Hi everyone!

This week at the Applied Statistics Workshop we will be welcoming Fabrizia Mealli, Professor of Statistics, Informatics and Applications at the University of Florence and Visiting Professor of Statistics at Harvard. She will be presenting work entitled Evaluating the effect of university grants on student dropout: Evidence from a regression discontinuity design using Bayesian principal stratification analysis.  Please find the abstract below and on the website.

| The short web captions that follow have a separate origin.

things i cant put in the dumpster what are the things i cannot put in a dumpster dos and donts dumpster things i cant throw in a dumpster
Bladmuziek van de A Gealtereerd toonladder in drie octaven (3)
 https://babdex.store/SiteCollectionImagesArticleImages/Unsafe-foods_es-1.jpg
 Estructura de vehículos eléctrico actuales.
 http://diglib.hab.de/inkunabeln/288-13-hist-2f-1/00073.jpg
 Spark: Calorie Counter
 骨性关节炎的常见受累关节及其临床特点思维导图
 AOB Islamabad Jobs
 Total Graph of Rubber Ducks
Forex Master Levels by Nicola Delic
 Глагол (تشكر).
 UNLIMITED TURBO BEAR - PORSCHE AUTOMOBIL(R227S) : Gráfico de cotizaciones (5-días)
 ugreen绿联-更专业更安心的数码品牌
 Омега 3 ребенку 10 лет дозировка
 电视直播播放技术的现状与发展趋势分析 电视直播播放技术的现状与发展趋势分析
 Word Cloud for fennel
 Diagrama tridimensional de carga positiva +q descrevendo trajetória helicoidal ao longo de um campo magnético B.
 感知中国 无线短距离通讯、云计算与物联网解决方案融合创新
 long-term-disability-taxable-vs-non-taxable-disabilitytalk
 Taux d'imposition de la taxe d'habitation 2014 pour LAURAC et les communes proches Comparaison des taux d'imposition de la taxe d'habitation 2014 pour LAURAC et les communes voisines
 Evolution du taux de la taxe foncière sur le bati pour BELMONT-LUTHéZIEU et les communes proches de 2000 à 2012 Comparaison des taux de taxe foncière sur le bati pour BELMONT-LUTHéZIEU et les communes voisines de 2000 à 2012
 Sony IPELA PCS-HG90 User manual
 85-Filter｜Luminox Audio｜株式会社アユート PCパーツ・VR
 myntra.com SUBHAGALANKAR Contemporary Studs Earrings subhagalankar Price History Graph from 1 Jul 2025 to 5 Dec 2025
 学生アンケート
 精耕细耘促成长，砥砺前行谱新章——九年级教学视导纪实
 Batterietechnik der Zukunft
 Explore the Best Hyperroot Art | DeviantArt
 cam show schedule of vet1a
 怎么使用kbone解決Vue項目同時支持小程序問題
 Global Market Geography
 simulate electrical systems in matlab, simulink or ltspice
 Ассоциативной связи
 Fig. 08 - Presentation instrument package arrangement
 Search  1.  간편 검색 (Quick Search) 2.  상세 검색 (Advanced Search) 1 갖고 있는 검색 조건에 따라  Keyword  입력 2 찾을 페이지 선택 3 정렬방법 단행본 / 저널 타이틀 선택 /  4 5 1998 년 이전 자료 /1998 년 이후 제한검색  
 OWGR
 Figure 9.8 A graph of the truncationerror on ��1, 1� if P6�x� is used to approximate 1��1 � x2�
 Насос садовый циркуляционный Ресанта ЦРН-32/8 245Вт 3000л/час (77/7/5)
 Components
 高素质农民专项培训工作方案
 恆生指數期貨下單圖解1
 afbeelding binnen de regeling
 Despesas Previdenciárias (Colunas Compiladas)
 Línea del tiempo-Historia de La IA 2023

As usual, we will meet in CGIS Knafel Room 354 and lunch will be provided.  See you all there!

-- Anton

Title: Evaluating the effect of university grants on student dropout: Evidence from a regression discontinuity design using Bayesian principal stratification analysis

Abstract: Regression discontinuity (RD) designs are often interpreted as local randomized experiments: a RD design can be considered as a randomized experiment for units with a realized value of a so-called forcing variable falling around a pre-fixed threshold. Motivated by the evaluation of Italian university grants, we consider a fuzzy RD design where the receipt of the treatment is based on both eligibility criteria and a voluntary application status. Resting on the fact that grant application and grant receipt statuses are post-assignment (post-eligibility) intermediate variables, we use the principal stratification framework to define causal estimands within the Rubin Causal Model. We propose a probabilistic formulation of the assignment mechanism underlying RD designs, by re-formulating the Stable Unit Treatment Value Assumption (SUTVA) and making an explicit local overlap assumption for a subpopulation around thethreshold. A local randomization assumption is invoked instead of more standard continuity assumptions. We also develop a model-based Bayesian approach to select the target subpopulation(s) with adjustment for multiple comparisons, and to draw inference for the target causal estimands in this framework. Applying the method to the data from two Italian universities, we find evidence that university grants are effective in preventing students from low-income families from dropping out of higher education.